(RECORDS FOR THE EXERCISE)

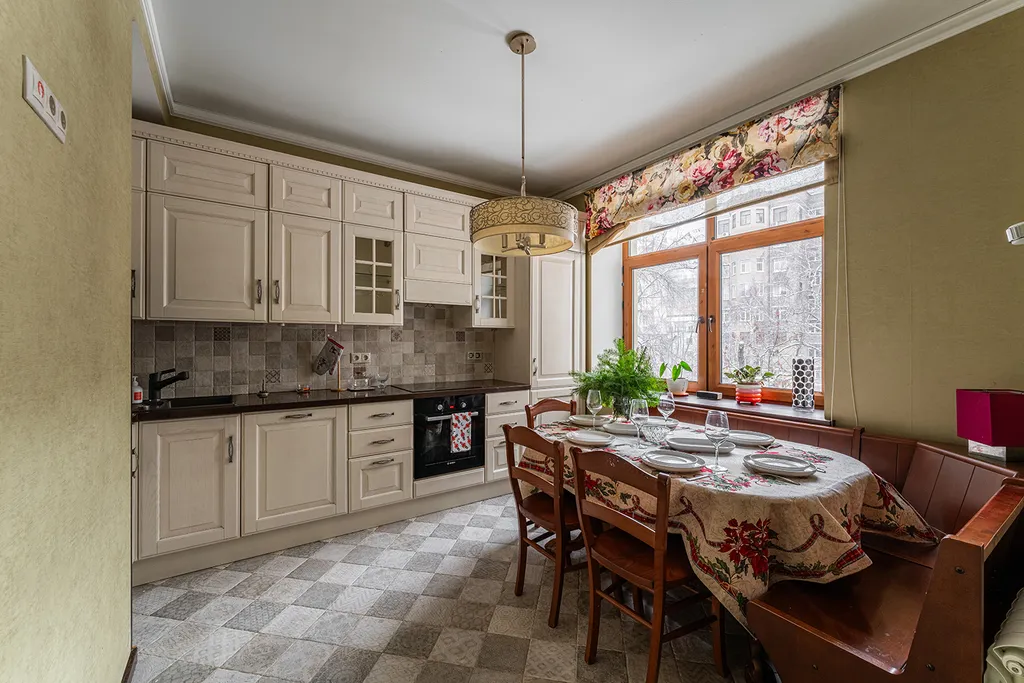 Квартира Просторная квартира в 5 минутах от парка горького — Москва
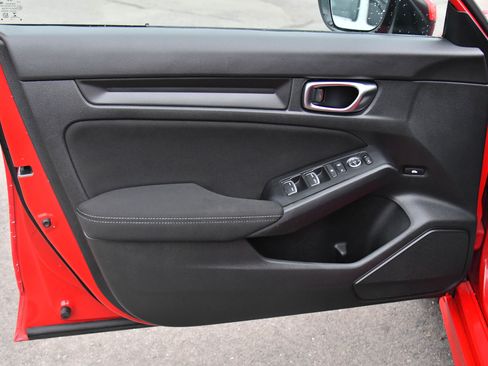 Used 2022 Honda Civic LX image 13
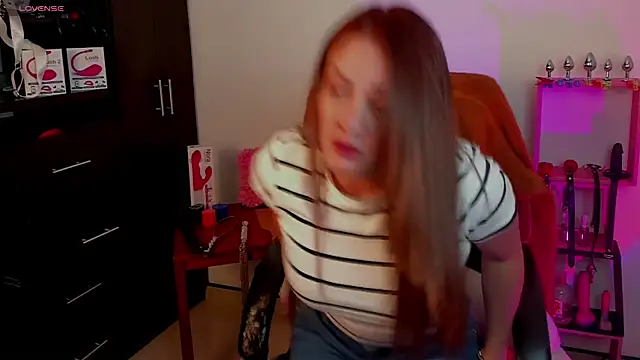 Snapshot of sara_goodgirl13 chatting on 19, 12, 2024 sara goodgirl13 online show from 19, 12, 2024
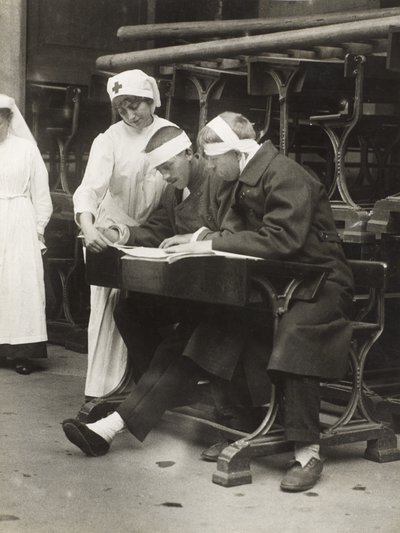 A Nurse Translating the News for the Wounded Soldiers of the Allied Forces by Unbekannt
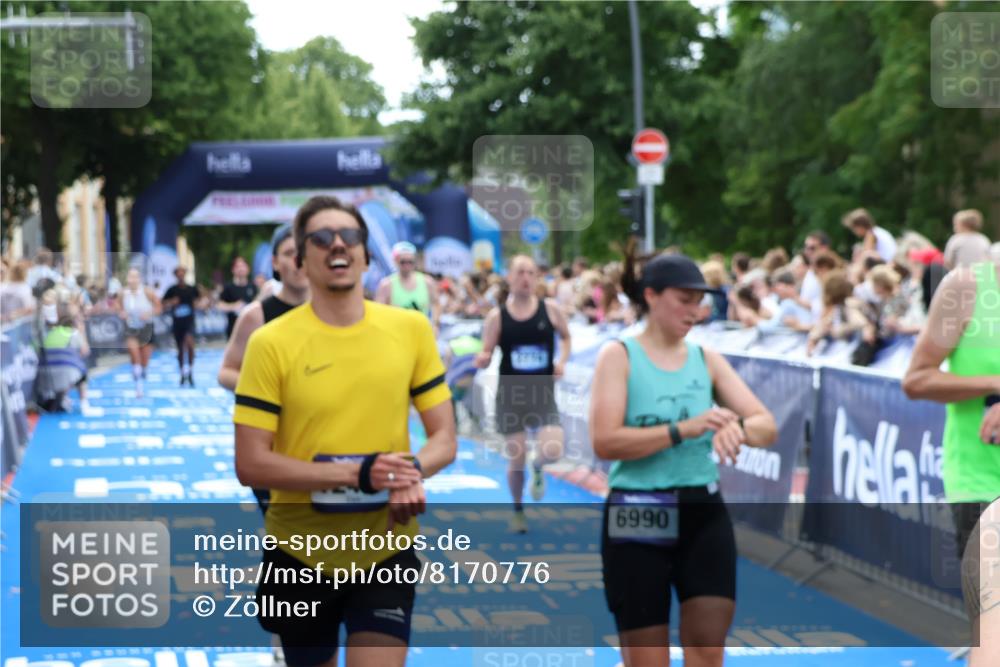 29.06.2025 - hella hamburg halbmarathon Zöllner http://msf.ph/oto/8170776 29.06.2025 10:36:18 Ziel 2774, 6829, 6990, 6993, 12447, 13991, 14601, 15115, 15348, 16158, 17078, 17329, 17691 meine-sportfotos.de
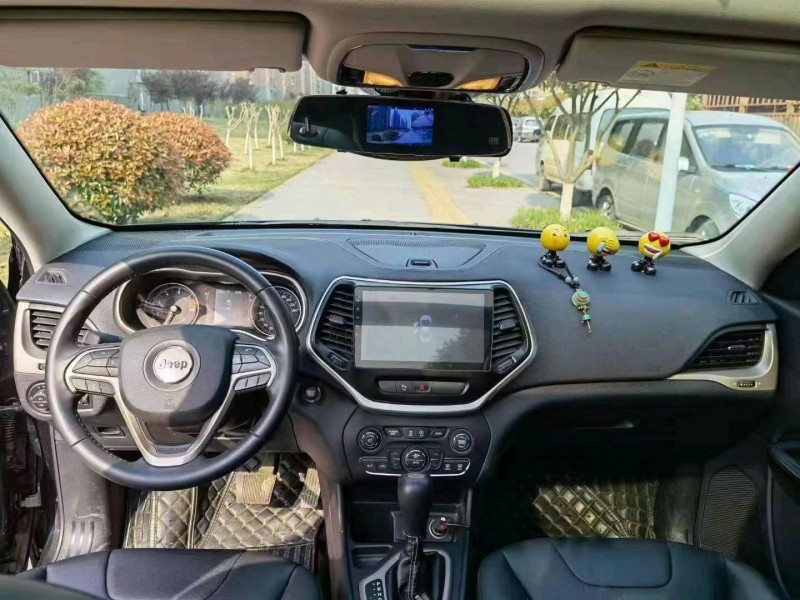 鄂州18年Jeep自由光4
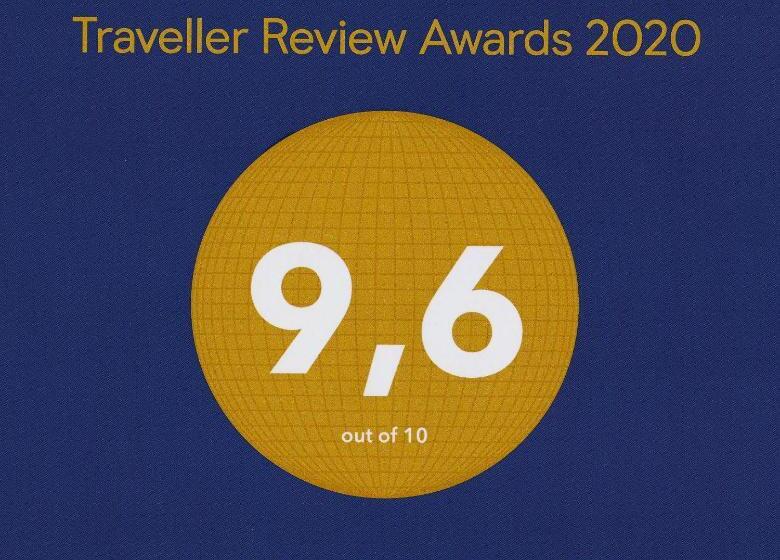 غرفة قياسية, La Cour Des Amis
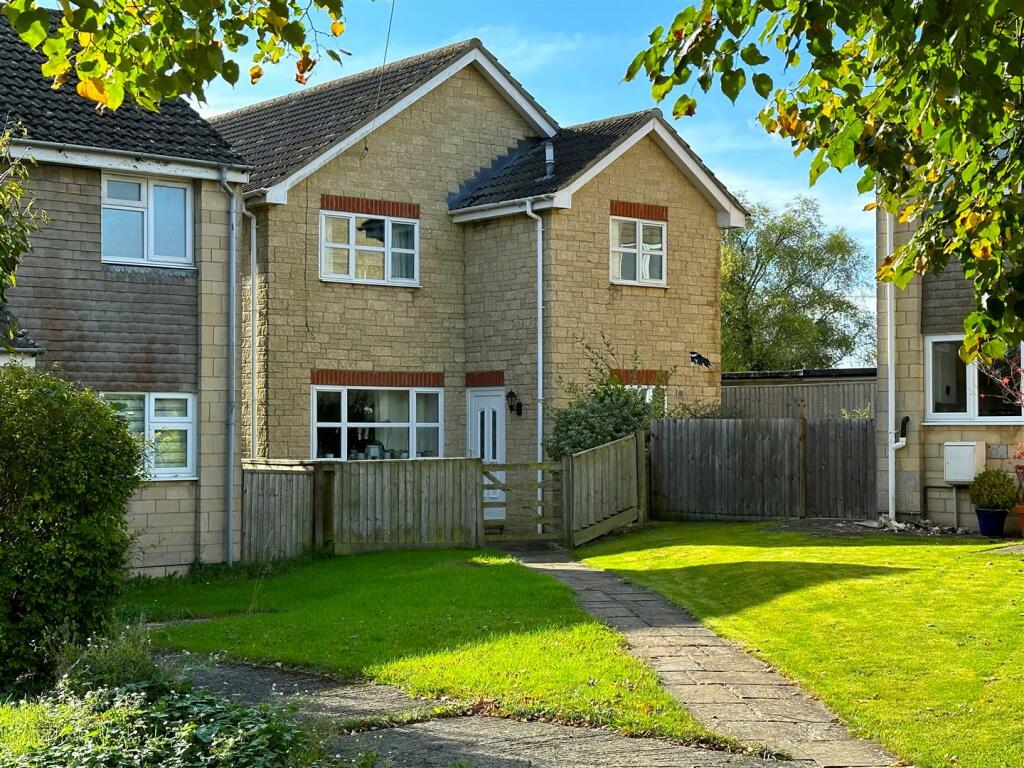 3 bedroom detached house for sale in The Ridings, Kington St Michael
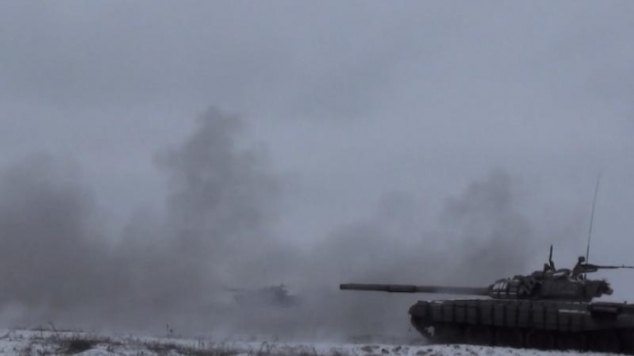 VIDEO/ Rusia face exerciții cu tancuri la granița cu Ucraina. „Tobele războiului bat cu putere” - diplomat american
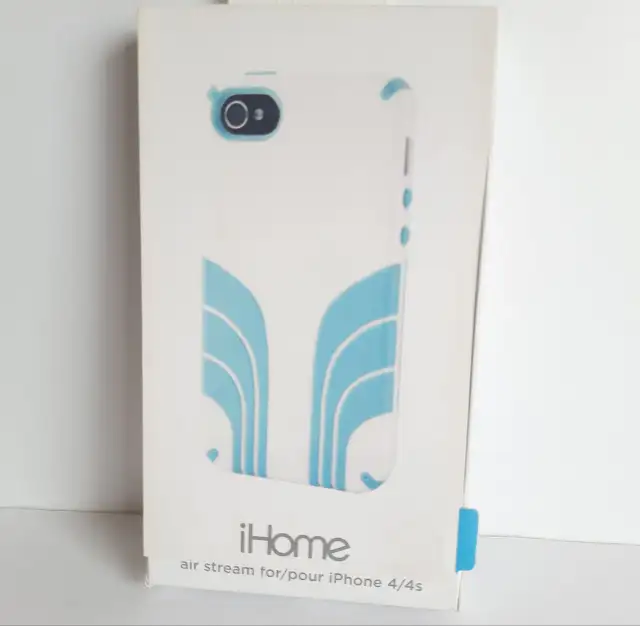 iHome Air Stream Case for iPhone 4/4s - White/Blue in Cell Phone Accessories in Burnaby/New Westminster - Image 2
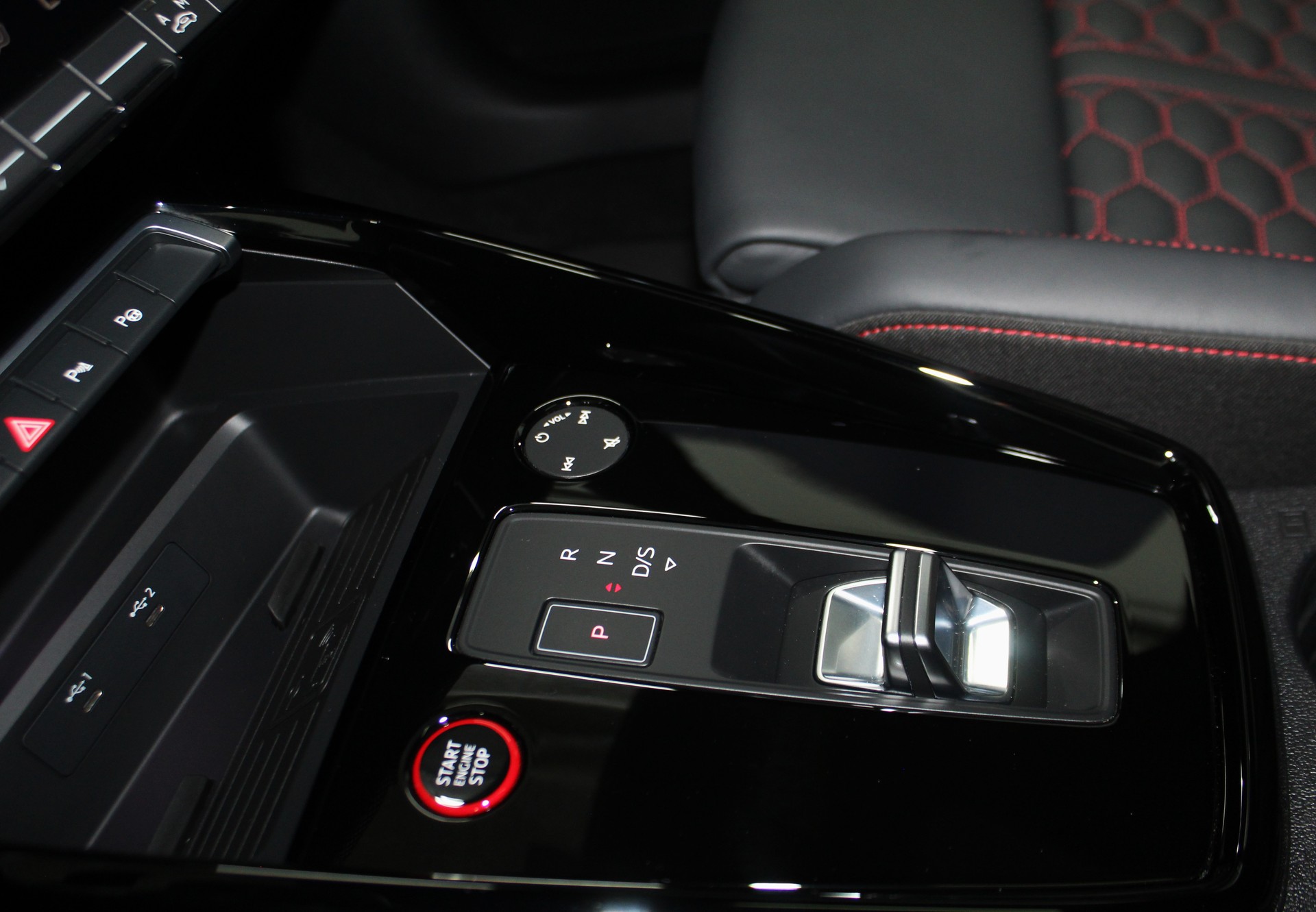 AUDI RS3 Sportback 2.5 TSI quattro S-tronic/ RS-Designpaket plus rot / Keramikbremsanlage / CH-Fahrzeug-image-16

(WHAT THE EXERCISE ASKS) Your reply should contain only an exact copy of the lines from the beginning of the material through the line with "3 bedroom detached", both ends included, with the pictures removed.

(SOLUTION FOR THIS PROBLEM)
 Квартира Просторная квартира в 5 минутах от парка горького — Москва
 Used 2022 Honda Civic LX image 13
 Snapshot of sara_goodgirl13 chatting on 19, 12, 2024 sara goodgirl13 online show from 19, 12, 2024
 A Nurse Translating the News for the Wounded Soldiers of the Allied Forces by Unbekannt
 29.06.2025 - hella hamburg halbmarathon Zöllner http://msf.ph/oto/8170776 29.06.2025 10:36:18 Ziel 2774, 6829, 6990, 6993, 12447, 13991, 14601, 15115, 15348, 16158, 17078, 17329, 17691 meine-sportfotos.de
 鄂州18年Jeep自由光4
 غرفة قياسية, La Cour Des Amis
 3 bedroom detached house for sale in The Ridings, Kington St Michael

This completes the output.